HOLDEN: Yeah, so it doesn't mean that we can necessarily use those languages together in SPARC. We can use both Python and R. In Beam, there's actually interesting work being done to add support for Go, which is actually something that I demoed yesterday at Flank Forward. Word Count is the best demo ever at a big data conference. We counted a lot of words, genuine big data.

So Beam doesn't actually depend on Arrow. Because Beam has this sort of Google lineage, it actually uses flat buffers and other things like this, which are very similar to Arrow, but, you know, have a slightly different and pretty uninteresting ways, unless you really like C++ code, which is fine, too.

It's more or less unrelated, but they're following similar approaches. And just because we have a common format to get the data between each other, there's this other sort of challenge where we have to figure out a way to take our functions and serialize them, and send them across the wire and deal with that in a nice way for execution on another machine. And so in Python, that's a moderate amount of work, and we use like a weird custom serializer to make it happen. In Go, it's also a non-trivial amount of work.

And so, there's other problems that have to be solved to make a language work here. But having a common data format is one of the prerequisites. So it's exciting to see that part get unlocked for more languages.

MARK: Nice. For someone who hasn't touched SPARC or Beam, what does the development cycle look like? How does that whole process go? If I'm like, I have some data and I want to process it to either learn something about it, or change it, what does that look like?
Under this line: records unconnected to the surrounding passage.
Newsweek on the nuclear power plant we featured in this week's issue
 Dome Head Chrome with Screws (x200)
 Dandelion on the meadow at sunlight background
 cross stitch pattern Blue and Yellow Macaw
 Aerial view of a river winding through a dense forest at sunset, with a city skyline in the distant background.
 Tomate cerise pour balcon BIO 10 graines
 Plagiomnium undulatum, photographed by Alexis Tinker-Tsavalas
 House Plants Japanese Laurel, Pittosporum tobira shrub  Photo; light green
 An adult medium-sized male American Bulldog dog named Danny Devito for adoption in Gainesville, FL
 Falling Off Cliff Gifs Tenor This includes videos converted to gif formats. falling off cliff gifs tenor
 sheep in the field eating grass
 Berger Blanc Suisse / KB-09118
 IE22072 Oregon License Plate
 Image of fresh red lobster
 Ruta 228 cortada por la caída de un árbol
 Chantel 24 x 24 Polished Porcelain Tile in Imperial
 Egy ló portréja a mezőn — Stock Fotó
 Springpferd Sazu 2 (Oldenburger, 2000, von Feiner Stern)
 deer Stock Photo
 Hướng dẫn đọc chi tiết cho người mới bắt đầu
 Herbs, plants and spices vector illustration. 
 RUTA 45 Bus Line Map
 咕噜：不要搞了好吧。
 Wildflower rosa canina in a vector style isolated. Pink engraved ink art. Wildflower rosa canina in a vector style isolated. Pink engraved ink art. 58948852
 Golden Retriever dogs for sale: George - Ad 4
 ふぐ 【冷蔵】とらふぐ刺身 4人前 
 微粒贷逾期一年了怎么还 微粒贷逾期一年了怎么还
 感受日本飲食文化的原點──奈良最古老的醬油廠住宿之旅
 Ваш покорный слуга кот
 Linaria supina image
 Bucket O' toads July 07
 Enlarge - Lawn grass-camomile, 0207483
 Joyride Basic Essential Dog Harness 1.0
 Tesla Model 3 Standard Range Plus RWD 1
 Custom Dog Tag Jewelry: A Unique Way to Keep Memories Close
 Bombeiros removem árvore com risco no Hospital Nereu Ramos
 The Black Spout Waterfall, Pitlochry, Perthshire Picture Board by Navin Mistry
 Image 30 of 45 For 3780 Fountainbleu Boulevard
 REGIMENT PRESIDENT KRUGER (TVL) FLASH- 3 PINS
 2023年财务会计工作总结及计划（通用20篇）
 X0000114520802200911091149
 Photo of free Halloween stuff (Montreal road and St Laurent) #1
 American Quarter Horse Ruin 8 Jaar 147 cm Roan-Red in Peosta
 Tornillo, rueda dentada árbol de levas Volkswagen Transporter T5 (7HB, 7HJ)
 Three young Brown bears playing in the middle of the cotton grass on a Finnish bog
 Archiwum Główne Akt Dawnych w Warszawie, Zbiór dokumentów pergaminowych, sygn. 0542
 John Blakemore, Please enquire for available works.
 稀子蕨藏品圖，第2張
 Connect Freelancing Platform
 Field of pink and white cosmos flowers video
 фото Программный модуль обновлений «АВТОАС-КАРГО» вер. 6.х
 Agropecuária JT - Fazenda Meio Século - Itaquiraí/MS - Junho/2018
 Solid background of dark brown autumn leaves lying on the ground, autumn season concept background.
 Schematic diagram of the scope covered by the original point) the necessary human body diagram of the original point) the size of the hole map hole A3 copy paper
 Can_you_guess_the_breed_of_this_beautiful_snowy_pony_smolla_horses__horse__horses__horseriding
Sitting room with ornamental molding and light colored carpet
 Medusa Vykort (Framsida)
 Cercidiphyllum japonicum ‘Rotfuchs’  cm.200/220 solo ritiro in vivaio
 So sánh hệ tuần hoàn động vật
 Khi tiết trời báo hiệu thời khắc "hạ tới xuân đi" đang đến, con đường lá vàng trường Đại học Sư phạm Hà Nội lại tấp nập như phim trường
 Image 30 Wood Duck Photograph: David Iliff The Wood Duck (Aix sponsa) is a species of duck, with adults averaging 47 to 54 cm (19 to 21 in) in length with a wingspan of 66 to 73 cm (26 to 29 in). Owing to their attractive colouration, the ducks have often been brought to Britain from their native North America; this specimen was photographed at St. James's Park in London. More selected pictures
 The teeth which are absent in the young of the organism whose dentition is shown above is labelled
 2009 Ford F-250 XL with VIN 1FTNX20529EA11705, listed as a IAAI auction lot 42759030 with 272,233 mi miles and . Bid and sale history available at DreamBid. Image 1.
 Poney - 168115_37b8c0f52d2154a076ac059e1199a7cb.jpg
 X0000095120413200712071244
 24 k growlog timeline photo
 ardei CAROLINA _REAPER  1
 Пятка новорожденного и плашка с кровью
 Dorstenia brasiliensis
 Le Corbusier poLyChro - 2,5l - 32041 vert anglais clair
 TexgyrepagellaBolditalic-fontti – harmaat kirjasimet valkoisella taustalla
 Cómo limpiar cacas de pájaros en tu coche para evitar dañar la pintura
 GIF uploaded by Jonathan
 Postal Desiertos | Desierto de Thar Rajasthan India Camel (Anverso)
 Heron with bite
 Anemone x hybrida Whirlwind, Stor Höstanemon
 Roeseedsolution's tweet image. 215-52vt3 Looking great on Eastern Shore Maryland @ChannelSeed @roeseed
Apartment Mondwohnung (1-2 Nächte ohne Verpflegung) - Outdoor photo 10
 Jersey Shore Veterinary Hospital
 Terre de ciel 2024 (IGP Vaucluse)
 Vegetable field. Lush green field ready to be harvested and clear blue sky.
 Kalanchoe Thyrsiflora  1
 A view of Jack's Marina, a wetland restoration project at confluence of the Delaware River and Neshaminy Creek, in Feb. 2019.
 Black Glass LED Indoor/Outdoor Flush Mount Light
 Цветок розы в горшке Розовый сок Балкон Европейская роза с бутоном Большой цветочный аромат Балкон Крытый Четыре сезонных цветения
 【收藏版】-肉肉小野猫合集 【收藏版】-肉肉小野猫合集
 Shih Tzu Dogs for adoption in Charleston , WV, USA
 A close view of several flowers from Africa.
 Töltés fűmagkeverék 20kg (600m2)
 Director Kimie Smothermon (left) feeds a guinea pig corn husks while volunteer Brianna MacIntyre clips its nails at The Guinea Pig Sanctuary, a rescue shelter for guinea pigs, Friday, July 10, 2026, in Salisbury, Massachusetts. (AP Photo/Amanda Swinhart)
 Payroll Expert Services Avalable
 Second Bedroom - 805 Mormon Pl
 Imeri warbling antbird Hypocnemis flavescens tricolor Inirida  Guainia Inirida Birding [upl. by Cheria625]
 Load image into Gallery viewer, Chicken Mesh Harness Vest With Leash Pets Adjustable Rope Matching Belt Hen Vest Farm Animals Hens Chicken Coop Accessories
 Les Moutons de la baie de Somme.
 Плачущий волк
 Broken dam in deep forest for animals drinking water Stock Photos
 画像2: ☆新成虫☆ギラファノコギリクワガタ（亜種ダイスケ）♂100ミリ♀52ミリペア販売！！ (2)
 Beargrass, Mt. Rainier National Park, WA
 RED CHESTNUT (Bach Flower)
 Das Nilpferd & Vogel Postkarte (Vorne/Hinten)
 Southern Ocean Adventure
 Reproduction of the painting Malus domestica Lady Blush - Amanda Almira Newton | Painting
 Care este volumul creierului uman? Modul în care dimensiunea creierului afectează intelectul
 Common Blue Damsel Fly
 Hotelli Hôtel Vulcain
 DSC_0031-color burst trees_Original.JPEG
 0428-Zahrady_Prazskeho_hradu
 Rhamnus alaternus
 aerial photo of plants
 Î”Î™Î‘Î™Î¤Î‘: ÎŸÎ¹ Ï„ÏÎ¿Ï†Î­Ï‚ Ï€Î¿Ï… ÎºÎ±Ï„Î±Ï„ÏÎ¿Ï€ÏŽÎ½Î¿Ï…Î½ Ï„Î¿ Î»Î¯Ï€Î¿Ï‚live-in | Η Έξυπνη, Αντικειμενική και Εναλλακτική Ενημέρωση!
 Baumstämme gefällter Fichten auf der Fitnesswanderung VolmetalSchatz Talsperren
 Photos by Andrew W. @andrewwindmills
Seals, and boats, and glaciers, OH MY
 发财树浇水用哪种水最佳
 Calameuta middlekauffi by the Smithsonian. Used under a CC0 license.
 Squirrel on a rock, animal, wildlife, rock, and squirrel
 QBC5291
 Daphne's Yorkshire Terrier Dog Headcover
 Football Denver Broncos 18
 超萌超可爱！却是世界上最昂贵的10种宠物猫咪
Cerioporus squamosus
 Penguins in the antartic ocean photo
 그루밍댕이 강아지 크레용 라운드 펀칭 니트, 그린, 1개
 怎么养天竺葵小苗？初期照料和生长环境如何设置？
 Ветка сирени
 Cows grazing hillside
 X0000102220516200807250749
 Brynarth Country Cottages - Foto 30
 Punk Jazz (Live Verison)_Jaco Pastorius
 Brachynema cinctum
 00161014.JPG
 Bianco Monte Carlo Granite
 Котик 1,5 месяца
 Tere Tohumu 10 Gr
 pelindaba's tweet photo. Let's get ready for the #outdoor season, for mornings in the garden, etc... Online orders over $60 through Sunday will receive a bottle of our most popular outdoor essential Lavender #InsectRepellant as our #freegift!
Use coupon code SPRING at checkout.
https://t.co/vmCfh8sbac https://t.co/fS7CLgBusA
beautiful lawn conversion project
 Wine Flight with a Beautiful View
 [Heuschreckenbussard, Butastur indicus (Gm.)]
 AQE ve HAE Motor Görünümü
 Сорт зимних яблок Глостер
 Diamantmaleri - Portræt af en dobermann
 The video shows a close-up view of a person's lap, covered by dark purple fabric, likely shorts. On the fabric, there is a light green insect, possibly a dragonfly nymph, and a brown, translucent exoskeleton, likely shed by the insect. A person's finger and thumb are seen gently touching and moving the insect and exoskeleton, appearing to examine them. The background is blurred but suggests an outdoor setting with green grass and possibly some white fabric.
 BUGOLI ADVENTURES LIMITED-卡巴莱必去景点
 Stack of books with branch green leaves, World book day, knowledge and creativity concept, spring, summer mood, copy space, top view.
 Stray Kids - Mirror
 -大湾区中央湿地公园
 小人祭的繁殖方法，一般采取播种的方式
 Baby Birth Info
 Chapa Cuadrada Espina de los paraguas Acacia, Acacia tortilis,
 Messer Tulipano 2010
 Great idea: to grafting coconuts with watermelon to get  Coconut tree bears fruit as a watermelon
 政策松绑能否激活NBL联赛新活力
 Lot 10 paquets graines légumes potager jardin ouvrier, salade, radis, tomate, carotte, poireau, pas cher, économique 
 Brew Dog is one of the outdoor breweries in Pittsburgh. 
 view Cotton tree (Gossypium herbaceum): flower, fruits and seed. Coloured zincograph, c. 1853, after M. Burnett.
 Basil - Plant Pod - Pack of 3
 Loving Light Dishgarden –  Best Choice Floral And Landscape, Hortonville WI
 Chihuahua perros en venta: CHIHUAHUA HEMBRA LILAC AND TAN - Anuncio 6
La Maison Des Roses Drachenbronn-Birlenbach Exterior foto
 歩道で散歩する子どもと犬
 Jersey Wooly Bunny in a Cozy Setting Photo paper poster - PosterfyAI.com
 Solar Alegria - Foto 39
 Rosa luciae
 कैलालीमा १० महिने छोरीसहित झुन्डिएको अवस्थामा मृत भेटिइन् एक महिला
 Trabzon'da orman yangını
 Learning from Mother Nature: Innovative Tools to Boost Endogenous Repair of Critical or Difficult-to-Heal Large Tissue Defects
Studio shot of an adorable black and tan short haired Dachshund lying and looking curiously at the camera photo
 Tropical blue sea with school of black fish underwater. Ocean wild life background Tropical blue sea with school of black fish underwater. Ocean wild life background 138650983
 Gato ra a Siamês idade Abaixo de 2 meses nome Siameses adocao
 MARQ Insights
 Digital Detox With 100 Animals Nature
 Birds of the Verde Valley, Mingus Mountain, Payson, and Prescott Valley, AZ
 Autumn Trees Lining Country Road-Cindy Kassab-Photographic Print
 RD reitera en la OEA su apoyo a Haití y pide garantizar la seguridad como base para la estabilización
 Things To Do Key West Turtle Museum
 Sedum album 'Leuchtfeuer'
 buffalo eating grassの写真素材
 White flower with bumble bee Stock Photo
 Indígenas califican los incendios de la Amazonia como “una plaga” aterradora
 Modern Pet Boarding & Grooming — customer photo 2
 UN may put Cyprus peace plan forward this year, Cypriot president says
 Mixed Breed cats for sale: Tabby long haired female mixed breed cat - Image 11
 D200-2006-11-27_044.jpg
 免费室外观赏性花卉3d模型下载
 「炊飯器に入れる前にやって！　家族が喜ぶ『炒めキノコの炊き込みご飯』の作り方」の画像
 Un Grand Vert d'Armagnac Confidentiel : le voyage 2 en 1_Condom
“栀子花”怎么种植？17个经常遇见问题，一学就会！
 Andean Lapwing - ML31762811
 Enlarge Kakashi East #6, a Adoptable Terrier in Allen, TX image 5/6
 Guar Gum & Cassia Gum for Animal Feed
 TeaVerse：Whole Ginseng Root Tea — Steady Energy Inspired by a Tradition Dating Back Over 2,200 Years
HOLDEN: So they actually have slightly different processes, as common sort of first paths. In SPARC, it's really common to get started by opening up a Notebook and sort of just poking at your data for a while, to be like, I wonder, maybe it does-- no, that doesn't work. OK, what about this? And it's a very iterative nature.

That tends to be more for Python and Scala developers. Java developers, you know, you open up a new project, you make a Jar, you submit it to the cluster. You take a look at it. And it's a little more heavyweight when you're working in Java. And it's also a little more heavyweight when my cost to test something out is compiling my project and submitting the Jar. Even though it may take similar amounts of time, the mental overhead is more than Shift Enter.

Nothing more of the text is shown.